Baca Juga: Kata Deschamps usai Bawa Prancis ke Semifinal Piala Dunia 2026, Apa Rahasia Kemenangannya?
Pelatih Maroko Mohamed Ouahbi mengungkapkan kesenjangan antara timnya dengan Prancis cukup besar.
“Mereka akhirnya berada di zona nyaman. Saya sempat ingin melakukan pergantian pemain bahkan sejak babak pertama, namun saya memutuskan untuk menundanya,” tuturnya dikutip dari The Guardian.
“Kami lebih memegang kendali di awal babak kedua dan saya ingin melihat bagaimana reaksi Prancis seandainya mereka belum mencetak gol.”
Ia pun tak bisa memungkiri Prancis merupakan tim hebat yang memiliki pemain-pemain luar biasa.
“Mereka memiliki penyerang yang sangat berbakat, dan punya daya jelajah tinggi. Mereka tidak mudah frustasi dan memiliki tekad kuat untuk melangkah jauh. Mereka sudah lama memiliki tim yang hebat,” ucapnya.
“Mereka telah tampil di dua final Piala Dunia terakhir.
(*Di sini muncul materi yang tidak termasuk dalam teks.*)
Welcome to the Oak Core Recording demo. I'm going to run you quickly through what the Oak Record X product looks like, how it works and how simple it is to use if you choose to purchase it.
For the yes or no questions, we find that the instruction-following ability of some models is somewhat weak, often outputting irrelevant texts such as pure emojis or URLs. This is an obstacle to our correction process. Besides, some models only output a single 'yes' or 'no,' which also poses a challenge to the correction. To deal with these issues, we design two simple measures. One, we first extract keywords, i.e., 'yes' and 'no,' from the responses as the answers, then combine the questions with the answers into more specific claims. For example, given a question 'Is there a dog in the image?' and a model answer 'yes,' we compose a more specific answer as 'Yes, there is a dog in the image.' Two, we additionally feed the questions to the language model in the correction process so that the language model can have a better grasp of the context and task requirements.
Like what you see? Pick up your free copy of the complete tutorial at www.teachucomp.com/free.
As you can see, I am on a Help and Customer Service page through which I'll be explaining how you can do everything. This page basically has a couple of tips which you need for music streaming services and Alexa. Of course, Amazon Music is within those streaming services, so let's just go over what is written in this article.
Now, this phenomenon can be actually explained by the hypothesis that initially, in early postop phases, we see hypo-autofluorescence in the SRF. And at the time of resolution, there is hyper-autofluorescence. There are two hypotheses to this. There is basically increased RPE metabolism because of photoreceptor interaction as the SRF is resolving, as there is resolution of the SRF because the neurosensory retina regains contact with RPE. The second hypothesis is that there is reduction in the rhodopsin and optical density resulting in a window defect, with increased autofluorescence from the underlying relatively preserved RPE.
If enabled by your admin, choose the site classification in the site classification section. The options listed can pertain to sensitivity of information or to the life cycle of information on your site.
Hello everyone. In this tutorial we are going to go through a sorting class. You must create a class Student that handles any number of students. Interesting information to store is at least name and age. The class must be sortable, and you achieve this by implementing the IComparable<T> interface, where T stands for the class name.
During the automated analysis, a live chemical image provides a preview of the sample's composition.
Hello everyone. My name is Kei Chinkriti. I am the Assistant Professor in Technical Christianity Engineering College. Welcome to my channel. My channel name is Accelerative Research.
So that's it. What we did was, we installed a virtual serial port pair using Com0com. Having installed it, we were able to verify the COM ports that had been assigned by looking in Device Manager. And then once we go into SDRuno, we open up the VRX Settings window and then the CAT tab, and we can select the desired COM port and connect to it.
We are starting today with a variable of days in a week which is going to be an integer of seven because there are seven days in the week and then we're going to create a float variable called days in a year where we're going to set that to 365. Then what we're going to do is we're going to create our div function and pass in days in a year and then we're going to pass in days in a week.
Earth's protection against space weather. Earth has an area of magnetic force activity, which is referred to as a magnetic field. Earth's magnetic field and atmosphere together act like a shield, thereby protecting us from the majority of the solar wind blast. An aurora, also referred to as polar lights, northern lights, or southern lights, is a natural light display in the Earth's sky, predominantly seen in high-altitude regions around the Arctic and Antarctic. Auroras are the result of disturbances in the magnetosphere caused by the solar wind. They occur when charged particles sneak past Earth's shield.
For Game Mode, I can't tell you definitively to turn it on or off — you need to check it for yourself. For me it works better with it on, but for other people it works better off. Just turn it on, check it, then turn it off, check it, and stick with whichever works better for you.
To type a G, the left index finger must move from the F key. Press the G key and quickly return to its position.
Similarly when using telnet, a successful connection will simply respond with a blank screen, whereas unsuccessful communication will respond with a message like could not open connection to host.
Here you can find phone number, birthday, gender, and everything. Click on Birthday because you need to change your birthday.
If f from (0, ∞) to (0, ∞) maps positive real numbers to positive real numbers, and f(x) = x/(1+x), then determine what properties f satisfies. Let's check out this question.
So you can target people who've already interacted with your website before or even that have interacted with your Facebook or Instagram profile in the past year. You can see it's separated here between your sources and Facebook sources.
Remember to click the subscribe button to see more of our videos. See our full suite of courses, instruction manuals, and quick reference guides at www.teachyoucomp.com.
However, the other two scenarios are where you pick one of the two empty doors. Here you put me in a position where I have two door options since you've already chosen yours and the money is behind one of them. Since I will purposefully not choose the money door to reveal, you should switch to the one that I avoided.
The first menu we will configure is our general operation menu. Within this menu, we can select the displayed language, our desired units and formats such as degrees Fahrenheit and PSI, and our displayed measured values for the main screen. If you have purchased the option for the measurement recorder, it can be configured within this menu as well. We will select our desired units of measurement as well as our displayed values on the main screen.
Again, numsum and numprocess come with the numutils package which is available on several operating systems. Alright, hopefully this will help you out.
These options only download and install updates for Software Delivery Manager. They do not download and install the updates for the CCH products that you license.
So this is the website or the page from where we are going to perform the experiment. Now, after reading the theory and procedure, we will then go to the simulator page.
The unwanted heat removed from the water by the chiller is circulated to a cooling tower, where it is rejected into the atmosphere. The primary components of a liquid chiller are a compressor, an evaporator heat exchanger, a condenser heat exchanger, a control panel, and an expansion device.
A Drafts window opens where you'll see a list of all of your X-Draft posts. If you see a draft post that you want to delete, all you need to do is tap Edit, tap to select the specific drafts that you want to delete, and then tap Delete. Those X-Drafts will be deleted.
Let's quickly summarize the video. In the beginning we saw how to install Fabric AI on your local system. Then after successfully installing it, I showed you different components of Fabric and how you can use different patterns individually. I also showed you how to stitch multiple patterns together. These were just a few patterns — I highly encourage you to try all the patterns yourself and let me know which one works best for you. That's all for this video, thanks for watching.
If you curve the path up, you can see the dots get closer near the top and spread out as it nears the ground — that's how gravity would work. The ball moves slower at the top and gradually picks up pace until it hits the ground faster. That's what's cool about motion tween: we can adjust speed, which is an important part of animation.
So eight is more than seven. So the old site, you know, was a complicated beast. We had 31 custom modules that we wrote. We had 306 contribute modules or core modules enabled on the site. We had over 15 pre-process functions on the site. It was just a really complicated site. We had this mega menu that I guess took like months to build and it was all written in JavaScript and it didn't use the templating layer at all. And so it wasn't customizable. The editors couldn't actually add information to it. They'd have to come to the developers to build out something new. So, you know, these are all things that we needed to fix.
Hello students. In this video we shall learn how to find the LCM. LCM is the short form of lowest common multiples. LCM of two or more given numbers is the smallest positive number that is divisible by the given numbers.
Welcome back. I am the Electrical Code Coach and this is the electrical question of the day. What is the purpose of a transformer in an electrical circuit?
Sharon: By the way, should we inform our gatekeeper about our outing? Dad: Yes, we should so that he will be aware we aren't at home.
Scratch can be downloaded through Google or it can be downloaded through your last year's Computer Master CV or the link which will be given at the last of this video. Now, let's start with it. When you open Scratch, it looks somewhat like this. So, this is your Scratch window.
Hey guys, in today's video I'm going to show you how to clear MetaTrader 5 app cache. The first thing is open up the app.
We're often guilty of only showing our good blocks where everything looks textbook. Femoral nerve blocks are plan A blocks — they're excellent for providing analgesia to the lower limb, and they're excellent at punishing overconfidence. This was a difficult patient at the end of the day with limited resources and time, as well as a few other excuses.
Mereka memiliki banyak talenta serta pemain yang mau bekerja keras di lapangan. Mereka adalah tim yang sangat solid dan sangat piawai dalam situasi transisi permainan.”
Maroko gagal mengulangi keberhasilan di Piala Dunia 2022 saat mereka mencapai semifinal.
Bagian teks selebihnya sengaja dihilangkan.